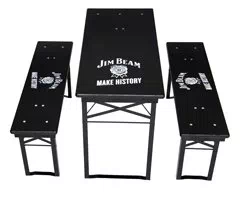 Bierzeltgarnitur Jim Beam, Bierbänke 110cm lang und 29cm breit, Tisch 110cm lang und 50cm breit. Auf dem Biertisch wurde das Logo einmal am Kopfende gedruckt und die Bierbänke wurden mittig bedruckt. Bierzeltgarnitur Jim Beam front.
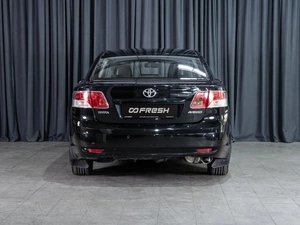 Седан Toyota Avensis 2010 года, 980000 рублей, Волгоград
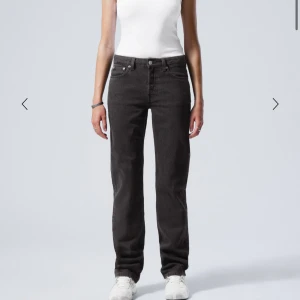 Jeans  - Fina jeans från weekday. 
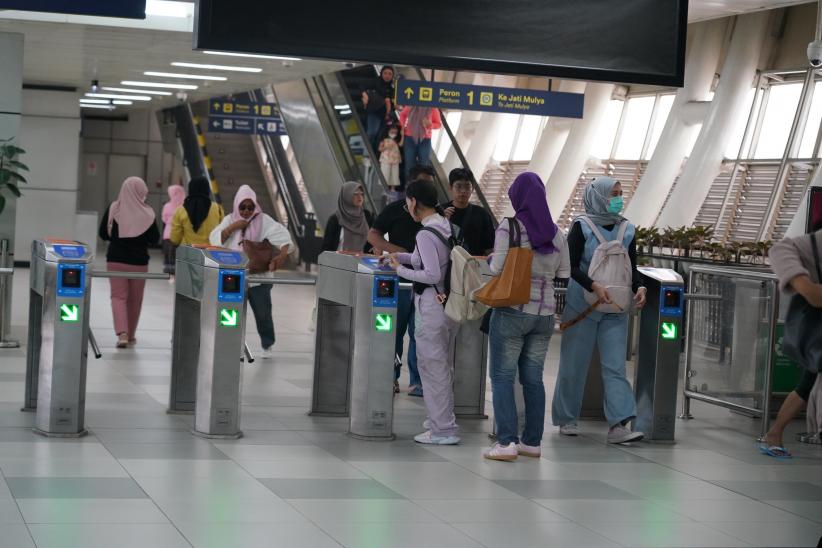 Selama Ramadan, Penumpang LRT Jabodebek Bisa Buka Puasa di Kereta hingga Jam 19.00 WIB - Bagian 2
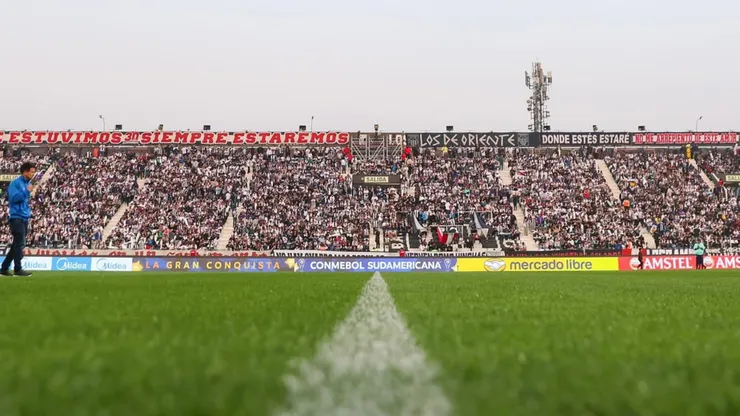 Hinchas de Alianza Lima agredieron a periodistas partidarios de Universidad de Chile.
* * *
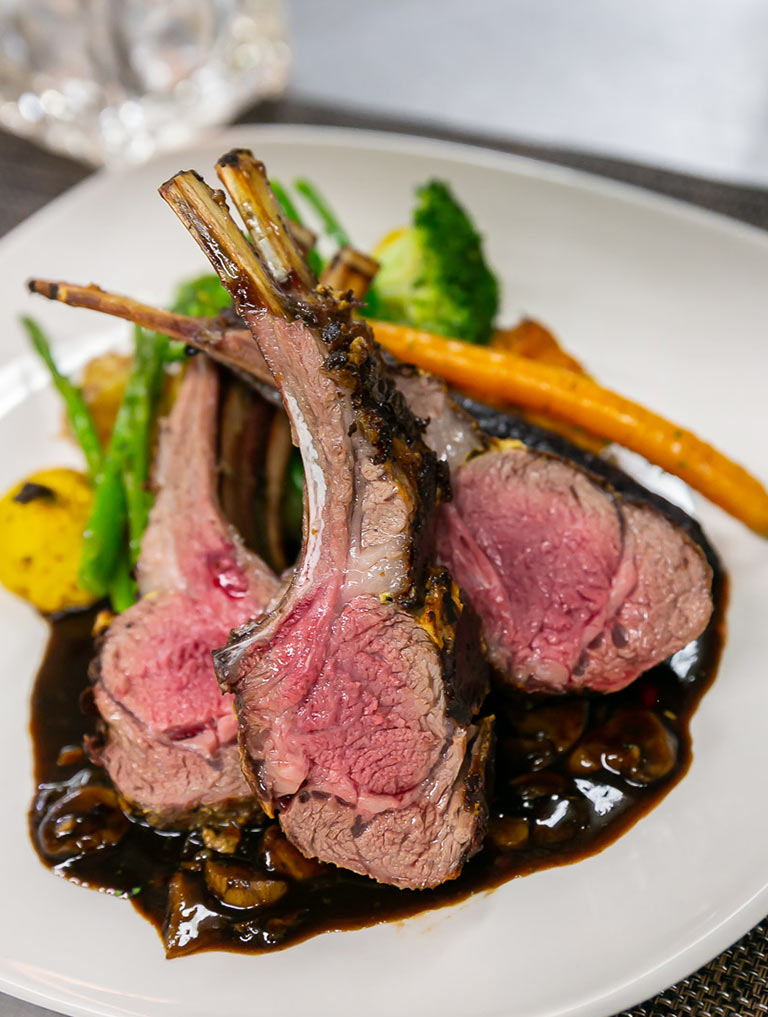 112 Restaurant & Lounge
* * *
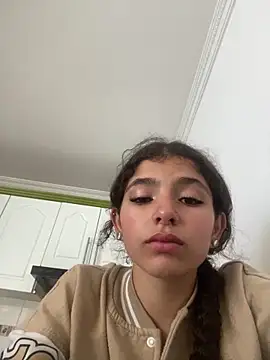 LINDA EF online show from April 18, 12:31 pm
* * *
Work task ->
Please print the lines above word for word, starting at the one with "Bierzeltgarnitur Jim Beam, Bierbänke" and ending at the one with "Selama Ramadan, Penumpang", both included, and without any picture.

Task result ->
 Bierzeltgarnitur Jim Beam, Bierbänke 110cm lang und 29cm breit, Tisch 110cm lang und 50cm breit. Auf dem Biertisch wurde das Logo einmal am Kopfende gedruckt und die Bierbänke wurden mittig bedruckt. Bierzeltgarnitur Jim Beam front.
 Седан Toyota Avensis 2010 года, 980000 рублей, Волгоград
 Jeans  - Fina jeans från weekday. 
 Selama Ramadan, Penumpang LRT Jabodebek Bisa Buka Puasa di Kereta hingga Jam 19.00 WIB - Bagian 2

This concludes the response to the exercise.